DESCRIPTION OF THE TASK:
Which lines in the data contain the word "Pink"? Please copy each of them.

Segment Start: DATA FOR THIS TASK

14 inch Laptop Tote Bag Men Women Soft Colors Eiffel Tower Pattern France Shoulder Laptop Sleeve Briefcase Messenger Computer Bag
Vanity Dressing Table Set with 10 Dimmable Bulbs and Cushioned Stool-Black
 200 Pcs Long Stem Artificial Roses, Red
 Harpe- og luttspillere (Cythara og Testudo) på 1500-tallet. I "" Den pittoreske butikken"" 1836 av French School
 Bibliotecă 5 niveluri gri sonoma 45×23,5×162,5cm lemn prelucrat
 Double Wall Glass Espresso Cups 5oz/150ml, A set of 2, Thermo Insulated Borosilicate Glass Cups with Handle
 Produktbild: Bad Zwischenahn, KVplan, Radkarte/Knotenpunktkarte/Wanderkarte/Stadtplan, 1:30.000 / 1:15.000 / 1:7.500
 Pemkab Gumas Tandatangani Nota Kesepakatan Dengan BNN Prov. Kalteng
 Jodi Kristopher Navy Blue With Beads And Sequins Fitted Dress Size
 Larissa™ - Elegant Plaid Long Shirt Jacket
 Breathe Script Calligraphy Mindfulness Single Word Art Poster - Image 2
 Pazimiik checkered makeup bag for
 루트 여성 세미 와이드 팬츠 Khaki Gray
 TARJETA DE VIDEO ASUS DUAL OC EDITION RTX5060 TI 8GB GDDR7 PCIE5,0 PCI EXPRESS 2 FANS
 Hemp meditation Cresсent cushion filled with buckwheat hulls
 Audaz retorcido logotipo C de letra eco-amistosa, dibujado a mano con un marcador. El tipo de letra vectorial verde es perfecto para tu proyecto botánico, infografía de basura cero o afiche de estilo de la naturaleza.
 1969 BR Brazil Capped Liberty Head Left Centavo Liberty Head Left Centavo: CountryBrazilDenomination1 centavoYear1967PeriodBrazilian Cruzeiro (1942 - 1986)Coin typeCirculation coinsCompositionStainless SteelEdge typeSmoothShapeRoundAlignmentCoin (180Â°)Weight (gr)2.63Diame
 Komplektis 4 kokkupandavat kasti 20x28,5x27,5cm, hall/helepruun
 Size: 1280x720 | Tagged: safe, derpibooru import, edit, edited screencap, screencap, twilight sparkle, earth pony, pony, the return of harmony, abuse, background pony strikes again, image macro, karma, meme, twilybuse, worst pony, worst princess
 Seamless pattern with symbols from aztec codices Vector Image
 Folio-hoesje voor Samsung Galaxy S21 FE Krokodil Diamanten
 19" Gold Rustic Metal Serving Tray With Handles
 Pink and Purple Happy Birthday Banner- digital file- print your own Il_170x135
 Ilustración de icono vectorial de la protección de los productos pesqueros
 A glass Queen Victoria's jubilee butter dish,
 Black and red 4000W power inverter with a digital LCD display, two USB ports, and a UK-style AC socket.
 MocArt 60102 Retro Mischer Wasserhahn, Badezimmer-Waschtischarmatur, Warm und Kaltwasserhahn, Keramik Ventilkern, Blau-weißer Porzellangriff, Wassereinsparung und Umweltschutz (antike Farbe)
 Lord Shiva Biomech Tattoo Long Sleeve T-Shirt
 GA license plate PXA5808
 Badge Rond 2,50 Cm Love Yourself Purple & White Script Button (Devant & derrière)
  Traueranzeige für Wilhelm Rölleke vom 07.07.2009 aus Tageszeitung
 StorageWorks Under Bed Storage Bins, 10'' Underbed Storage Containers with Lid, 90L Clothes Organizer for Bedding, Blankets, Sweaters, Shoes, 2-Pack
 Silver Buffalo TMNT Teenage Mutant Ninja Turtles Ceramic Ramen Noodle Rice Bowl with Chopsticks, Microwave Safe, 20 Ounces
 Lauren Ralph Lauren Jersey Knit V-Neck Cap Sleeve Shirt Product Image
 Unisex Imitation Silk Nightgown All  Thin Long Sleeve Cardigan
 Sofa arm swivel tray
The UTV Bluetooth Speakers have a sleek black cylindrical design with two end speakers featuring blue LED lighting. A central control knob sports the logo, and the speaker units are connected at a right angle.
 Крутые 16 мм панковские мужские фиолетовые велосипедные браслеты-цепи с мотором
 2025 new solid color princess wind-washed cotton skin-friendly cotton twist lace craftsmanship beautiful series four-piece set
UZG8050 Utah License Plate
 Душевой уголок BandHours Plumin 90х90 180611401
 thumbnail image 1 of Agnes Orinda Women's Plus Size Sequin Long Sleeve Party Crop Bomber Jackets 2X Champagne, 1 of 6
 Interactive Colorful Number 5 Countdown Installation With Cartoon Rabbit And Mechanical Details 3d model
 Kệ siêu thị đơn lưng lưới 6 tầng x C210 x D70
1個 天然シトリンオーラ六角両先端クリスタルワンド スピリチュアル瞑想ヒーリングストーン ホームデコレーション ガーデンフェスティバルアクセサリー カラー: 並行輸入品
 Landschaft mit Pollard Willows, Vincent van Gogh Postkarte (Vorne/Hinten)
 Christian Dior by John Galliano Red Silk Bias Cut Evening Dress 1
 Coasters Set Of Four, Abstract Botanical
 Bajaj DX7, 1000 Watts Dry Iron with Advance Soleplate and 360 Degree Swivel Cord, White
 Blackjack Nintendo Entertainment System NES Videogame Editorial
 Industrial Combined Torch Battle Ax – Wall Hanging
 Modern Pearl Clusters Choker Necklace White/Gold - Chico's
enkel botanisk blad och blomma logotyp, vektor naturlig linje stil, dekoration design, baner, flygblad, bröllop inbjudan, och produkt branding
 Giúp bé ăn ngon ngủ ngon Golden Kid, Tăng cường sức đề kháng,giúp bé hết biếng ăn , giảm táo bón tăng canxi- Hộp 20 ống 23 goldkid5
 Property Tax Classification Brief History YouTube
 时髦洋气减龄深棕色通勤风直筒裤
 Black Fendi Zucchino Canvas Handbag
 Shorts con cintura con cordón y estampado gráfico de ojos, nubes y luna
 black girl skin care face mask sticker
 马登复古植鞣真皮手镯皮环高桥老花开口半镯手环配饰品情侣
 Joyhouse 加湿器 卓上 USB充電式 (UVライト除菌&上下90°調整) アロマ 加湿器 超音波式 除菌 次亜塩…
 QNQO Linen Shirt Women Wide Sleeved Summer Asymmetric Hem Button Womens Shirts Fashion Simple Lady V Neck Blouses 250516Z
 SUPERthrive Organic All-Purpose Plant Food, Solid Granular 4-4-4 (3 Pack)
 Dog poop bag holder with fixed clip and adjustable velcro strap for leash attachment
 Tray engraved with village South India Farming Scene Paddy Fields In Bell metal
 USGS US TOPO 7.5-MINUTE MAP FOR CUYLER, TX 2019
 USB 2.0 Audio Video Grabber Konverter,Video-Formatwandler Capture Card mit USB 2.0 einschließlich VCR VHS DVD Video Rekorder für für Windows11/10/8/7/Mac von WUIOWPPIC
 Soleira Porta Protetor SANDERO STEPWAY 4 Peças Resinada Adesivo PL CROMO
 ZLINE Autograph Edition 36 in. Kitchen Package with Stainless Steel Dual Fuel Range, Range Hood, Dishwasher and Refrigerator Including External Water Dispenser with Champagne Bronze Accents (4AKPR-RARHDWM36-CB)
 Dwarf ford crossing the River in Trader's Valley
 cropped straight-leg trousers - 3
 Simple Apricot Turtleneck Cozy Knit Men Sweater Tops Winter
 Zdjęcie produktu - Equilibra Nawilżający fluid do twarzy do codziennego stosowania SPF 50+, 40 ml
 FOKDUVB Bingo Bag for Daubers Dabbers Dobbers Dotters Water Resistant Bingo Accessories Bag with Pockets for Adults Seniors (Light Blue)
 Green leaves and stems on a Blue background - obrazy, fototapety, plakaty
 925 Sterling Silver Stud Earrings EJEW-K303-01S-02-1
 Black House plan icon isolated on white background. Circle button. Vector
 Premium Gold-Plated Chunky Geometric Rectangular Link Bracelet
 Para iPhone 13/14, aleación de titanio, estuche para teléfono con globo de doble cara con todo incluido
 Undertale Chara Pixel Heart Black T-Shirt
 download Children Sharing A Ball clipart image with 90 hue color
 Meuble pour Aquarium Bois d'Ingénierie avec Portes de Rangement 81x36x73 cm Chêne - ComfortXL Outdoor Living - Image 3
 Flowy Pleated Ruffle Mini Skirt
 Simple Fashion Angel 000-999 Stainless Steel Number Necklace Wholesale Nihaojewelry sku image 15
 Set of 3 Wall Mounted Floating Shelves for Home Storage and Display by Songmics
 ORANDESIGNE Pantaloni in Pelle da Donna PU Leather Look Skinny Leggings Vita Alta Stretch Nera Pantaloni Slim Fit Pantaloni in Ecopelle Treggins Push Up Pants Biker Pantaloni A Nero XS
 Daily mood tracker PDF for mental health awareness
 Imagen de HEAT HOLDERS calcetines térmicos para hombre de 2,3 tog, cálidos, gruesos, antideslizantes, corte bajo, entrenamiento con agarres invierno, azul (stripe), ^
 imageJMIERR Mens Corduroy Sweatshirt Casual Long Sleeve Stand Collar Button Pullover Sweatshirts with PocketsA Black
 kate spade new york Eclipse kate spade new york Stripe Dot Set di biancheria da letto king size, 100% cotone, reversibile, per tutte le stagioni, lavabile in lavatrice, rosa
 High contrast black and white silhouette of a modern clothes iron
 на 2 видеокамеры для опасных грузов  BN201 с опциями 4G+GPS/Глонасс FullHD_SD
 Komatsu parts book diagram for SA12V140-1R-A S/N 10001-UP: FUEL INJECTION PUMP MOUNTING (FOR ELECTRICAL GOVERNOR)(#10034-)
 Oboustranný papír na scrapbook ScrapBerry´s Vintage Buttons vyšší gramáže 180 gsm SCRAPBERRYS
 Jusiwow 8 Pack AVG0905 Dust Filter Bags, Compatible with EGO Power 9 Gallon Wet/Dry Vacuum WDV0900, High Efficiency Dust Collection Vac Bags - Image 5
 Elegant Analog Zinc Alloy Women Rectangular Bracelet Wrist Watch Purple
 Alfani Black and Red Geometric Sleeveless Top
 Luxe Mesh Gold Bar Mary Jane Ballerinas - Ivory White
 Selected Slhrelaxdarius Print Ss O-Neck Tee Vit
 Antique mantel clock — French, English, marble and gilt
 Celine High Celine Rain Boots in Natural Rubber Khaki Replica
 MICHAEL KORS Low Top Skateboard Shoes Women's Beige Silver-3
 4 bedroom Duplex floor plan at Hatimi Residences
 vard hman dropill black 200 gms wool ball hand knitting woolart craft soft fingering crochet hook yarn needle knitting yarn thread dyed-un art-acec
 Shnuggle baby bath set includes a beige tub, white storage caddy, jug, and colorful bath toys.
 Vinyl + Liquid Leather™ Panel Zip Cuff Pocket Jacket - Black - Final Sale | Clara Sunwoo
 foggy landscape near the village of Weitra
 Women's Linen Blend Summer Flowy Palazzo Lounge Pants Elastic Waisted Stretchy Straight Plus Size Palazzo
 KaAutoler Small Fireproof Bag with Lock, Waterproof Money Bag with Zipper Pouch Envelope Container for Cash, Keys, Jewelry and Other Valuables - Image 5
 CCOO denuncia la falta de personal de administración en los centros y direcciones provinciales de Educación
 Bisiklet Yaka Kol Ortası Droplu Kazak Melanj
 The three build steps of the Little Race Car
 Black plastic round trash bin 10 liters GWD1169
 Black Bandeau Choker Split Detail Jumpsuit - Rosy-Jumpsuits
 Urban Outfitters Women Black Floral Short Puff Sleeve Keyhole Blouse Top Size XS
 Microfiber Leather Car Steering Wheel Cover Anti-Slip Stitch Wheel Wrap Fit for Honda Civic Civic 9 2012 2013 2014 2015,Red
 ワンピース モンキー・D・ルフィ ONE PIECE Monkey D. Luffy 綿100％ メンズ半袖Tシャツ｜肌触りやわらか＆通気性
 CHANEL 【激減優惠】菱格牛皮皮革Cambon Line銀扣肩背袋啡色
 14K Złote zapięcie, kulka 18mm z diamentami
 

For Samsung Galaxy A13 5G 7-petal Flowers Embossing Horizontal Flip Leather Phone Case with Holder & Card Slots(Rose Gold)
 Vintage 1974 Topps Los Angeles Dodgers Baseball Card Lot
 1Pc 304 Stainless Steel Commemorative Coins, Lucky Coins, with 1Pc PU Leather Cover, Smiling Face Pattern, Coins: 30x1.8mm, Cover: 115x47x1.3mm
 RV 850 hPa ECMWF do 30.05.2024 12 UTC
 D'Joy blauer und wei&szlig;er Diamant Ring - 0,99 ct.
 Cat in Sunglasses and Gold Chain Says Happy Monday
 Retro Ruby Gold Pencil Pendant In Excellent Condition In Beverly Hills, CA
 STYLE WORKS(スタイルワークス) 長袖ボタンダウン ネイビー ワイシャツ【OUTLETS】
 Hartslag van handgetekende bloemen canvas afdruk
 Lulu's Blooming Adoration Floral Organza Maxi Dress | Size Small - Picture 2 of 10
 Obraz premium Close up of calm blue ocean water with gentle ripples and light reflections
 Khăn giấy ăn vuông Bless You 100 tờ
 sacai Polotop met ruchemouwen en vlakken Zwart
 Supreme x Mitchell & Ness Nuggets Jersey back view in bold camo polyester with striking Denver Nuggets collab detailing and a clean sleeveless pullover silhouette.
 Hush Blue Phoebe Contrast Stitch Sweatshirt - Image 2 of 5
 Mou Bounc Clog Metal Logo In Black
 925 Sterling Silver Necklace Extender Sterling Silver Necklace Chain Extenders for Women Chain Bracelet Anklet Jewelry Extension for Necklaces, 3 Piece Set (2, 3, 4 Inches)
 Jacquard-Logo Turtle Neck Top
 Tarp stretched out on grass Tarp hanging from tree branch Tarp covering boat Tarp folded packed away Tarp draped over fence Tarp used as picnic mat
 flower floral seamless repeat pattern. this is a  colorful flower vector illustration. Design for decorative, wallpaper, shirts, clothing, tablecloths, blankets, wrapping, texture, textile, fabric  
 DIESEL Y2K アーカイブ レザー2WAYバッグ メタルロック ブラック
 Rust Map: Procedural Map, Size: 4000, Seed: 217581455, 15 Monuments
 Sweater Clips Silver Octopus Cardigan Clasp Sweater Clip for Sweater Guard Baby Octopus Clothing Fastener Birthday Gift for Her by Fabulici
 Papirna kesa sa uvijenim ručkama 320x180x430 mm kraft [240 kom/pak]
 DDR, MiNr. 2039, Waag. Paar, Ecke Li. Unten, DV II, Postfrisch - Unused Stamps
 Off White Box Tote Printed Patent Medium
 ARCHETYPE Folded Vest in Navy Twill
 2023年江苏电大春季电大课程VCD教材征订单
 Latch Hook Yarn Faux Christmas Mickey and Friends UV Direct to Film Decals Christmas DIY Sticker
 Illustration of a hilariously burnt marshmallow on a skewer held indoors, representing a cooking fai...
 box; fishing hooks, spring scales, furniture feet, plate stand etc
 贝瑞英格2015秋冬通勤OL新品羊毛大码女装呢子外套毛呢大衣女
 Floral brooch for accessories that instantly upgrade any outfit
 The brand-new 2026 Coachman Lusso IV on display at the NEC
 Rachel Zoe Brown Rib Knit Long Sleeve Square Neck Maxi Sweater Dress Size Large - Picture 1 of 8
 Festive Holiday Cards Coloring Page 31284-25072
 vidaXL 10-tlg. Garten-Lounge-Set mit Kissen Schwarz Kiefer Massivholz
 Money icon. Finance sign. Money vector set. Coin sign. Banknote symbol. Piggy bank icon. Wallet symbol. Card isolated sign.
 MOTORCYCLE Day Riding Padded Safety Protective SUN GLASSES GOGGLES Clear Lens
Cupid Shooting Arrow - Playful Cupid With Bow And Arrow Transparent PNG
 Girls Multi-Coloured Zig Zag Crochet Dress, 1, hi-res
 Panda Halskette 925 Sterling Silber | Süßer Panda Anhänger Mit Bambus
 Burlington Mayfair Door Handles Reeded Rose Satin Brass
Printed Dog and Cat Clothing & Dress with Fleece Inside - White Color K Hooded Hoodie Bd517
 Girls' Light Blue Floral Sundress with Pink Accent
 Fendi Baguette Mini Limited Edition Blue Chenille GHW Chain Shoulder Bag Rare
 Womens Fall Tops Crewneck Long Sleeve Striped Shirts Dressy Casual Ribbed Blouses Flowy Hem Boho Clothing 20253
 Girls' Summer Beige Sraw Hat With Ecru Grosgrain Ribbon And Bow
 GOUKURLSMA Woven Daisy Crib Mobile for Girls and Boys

Segment End: DATA FOR THIS TASK

ANSWER SECTION:
 Pink and Purple Happy Birthday Banner- digital file- print your own Il_170x135
 Girls' Light Blue Floral Sundress with Pink Accent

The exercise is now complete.